Last week Ian Duncan Smith (IDS) became the first Conservative cabinet minister to resign over party policy since the Tories returned to power in 2010.

As Secretary for Work and Pensions, IDS oversaw a wide range of controversial changes to welfare provision before offering his shock resignation in response to last week’s Budget announcement.

On Sunday’s BBC Andrew Marr Show he accused the Prime Minister and Chancellor of going too far in their quest to tackle the nation’s fiscal deficit. The juxtaposition of tax cuts for the wealthy and cuts to Personal Independence Payments (PIP) to those with disabilities, he said, were indefensible.

During the same programme former Liberal Democrat minister David Laws told of the divisions between Mr Osborne and Mr Duncan Smith throughout the last parliament.

Despite five years of very public Tory reservations over sharing power, if IDS’s claims of conscience are to be believed and accusations of political motivation disparaged then having the Lib Dems in government to veto Osborne’s agenda must have been a god send.

So, are we better off with coalitions?

For a country said to be so used to one-party rule, throughout the last Westminster mandate of 2010-2015 the only one-party majority government to be found across the UK was the SNP-dominated Executive in Scotland, elected in 2011.

Even there the SNP majority was a surprise, garnered within an electoral system actually designed to prevent any one party from dominating. In Wales, the current government is a minority Labour government.

Coalition requires political parties to compromise, to complement and even sacrifice manifesto pledges for the sake of forging agreeable programme for government.

Between 2010 and 2015, depending upon the Lib Dems to wield power at Westminster a Conservative Party sceptical of power-sharing and divided over Europe displayed rather impressive party discipline.

Now, having upped their representation in the House of Commons and won a surprising though slim majority of 17 seats, amazingly the Prime Minister and Chancellor have never looked more vulnerable.

Backbenchers are rebelling over welfare and cracks ahead of June’s EU referendum have been blown wide open.

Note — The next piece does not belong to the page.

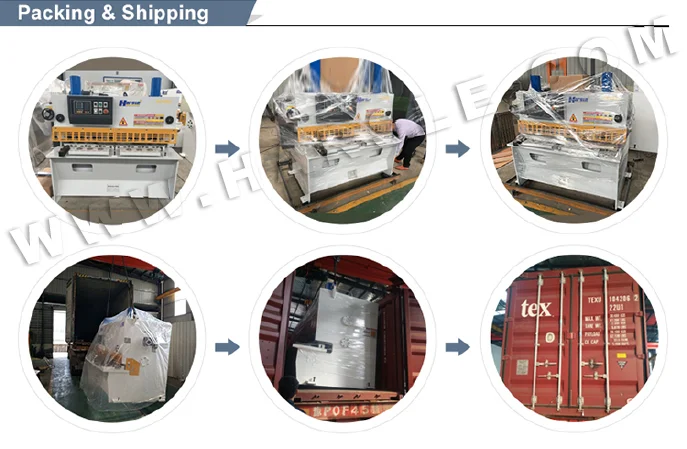 paste-pic-dp_uuid_r1yp7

Some pundits are predicting all-out Tory civil war.

In Northern Ireland, mandatory coalition often comes under criticism but, really, our ways of institutions are more stable than we give them credit.

Power-sharing is a fact of political life here. Elsewhere too, given the fragmentation of parliaments across the continent, inter-party governments are becoming more commonplace.

Previously, if our two biggest parties agreed to a Programme for Government and smaller groups refused to take their seats at the Executive, pundits would have predicted the political equivalent of Armageddon. Now, not so much. Despite the rhetoric, compromise is at the heart of Stormont.

Following May’s elections, should the Ulster Unionist Party and SDLP choose to go into opposition together at the Assembly such a move may be viewed more with interest than anxiety.

Whatever you believe Ian Duncan Smith’s reasons for resigning may be, there is no doubting that the presence of another party in government vetoing his own Chancellor’s demands kept him from quitting earlier.

No form of government is perfect, it seems, but compromise is the prerequisite for good governance.